**Problem statement**
From the line that contains "New Brown &" through the last line of the data, copy everything exactly and nothing else, omitting the pictures.

**Data to examine**
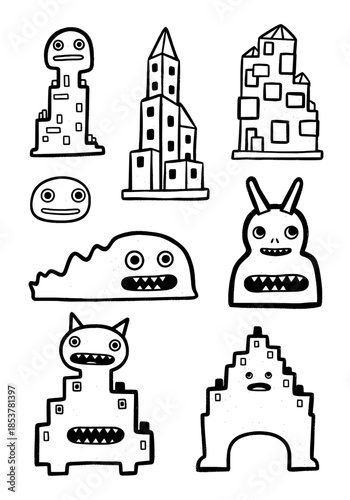 Black and white collection of quirky doodle characters and abstract urban buildings featuring a naive hand-drawn folk art aesthetic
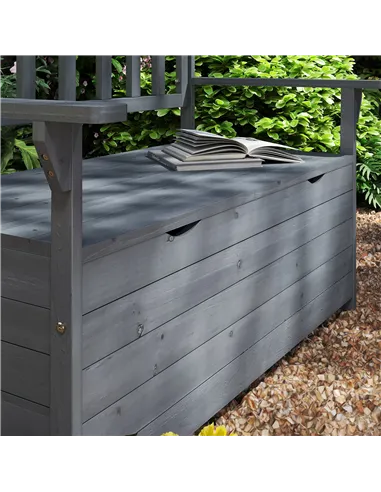 Outsunny Two-Seater Garden Storage Bench - Grey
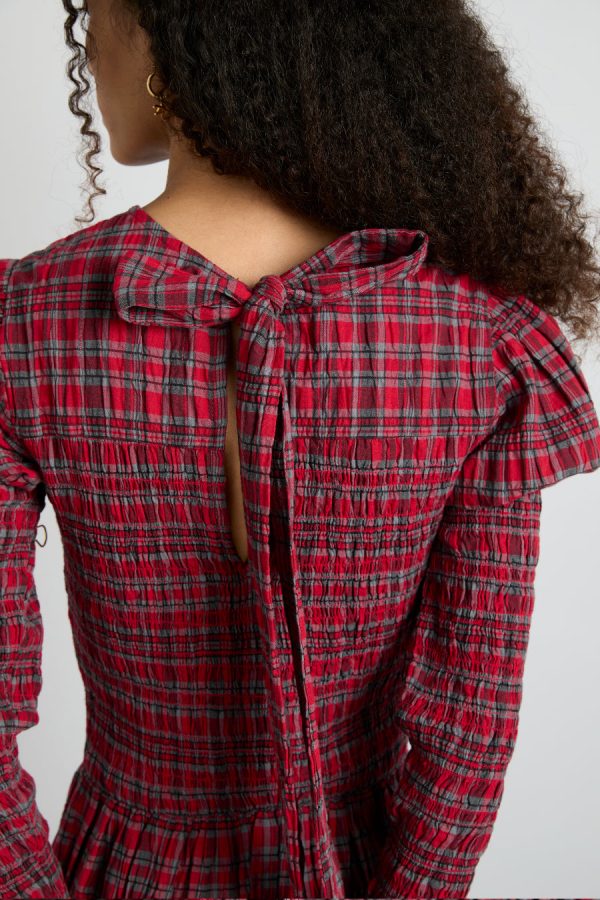 Women alice shirred midi dress- red check None | Co-ords Damson Madder - Image 6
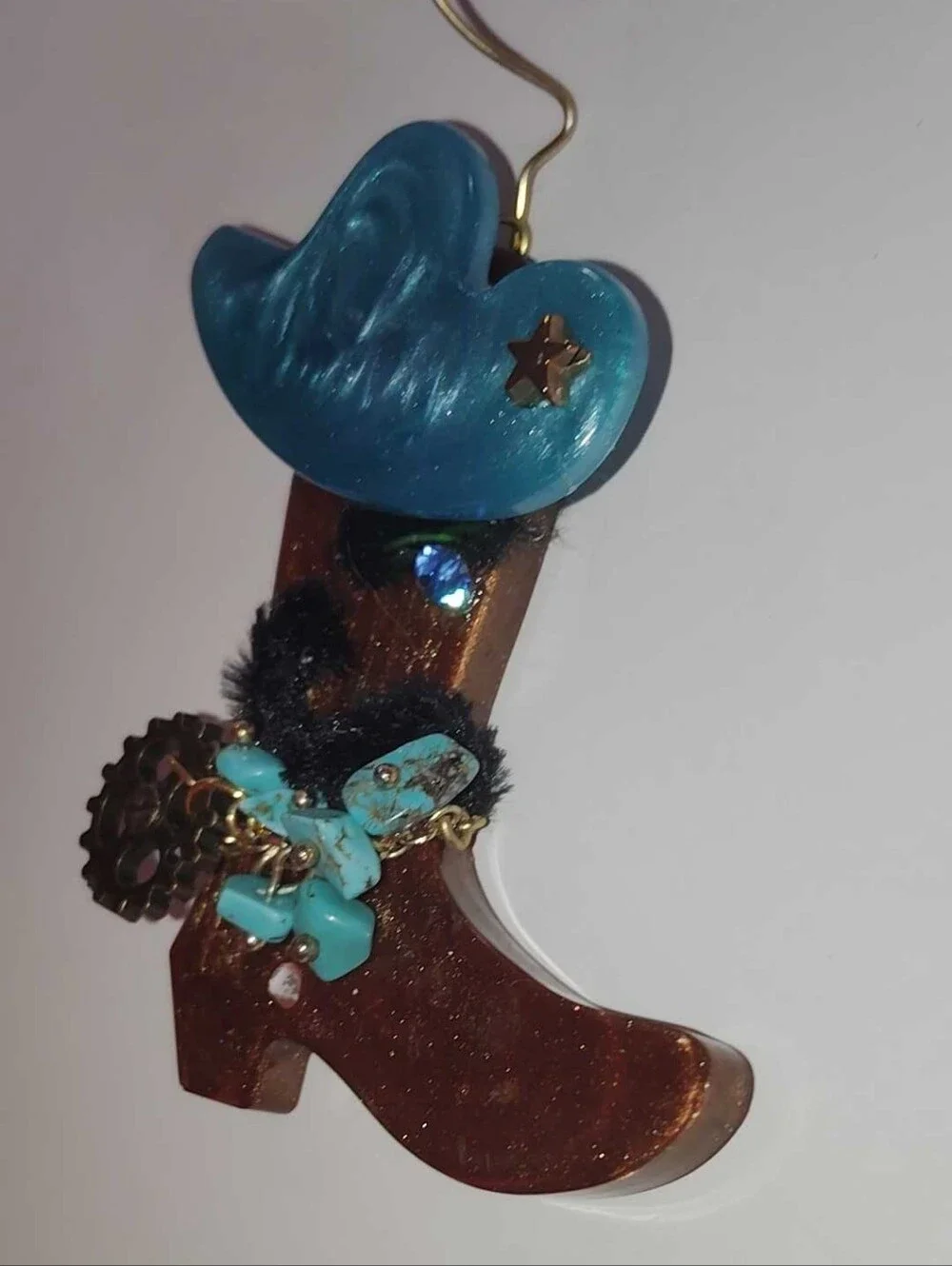 New Brown & Turquoise Resin Cowboy Boot Black Mustache Eyebrow Sparkle Blue Eye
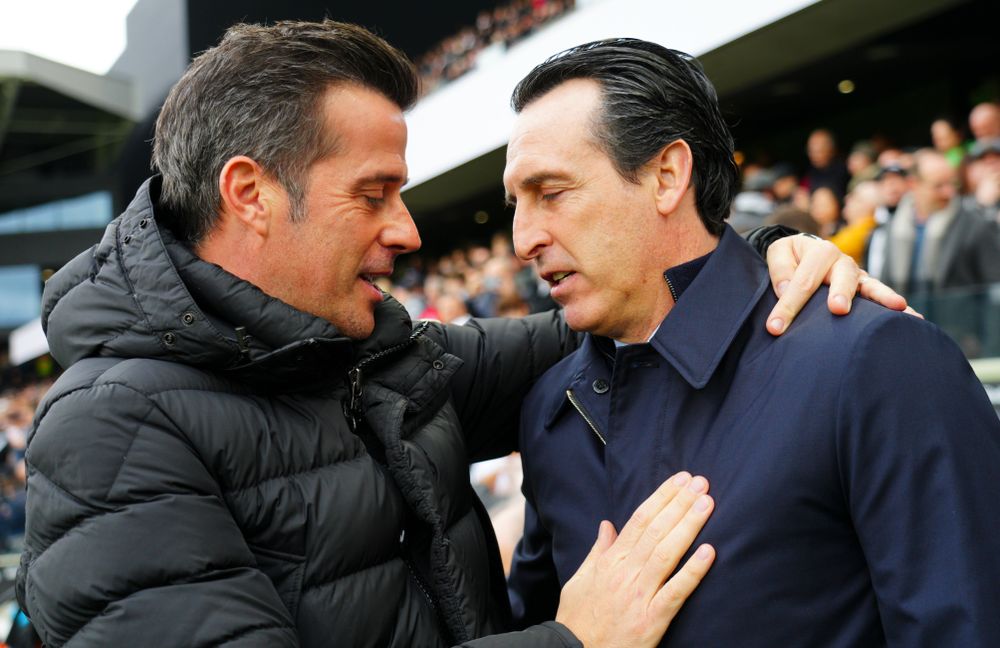 Marco Silva greets Unai Emery Marco Silva greets Unai Emery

**Exercise solution**
 New Brown & Turquoise Resin Cowboy Boot Black Mustache Eyebrow Sparkle Blue Eye
 Marco Silva greets Unai Emery Marco Silva greets Unai Emery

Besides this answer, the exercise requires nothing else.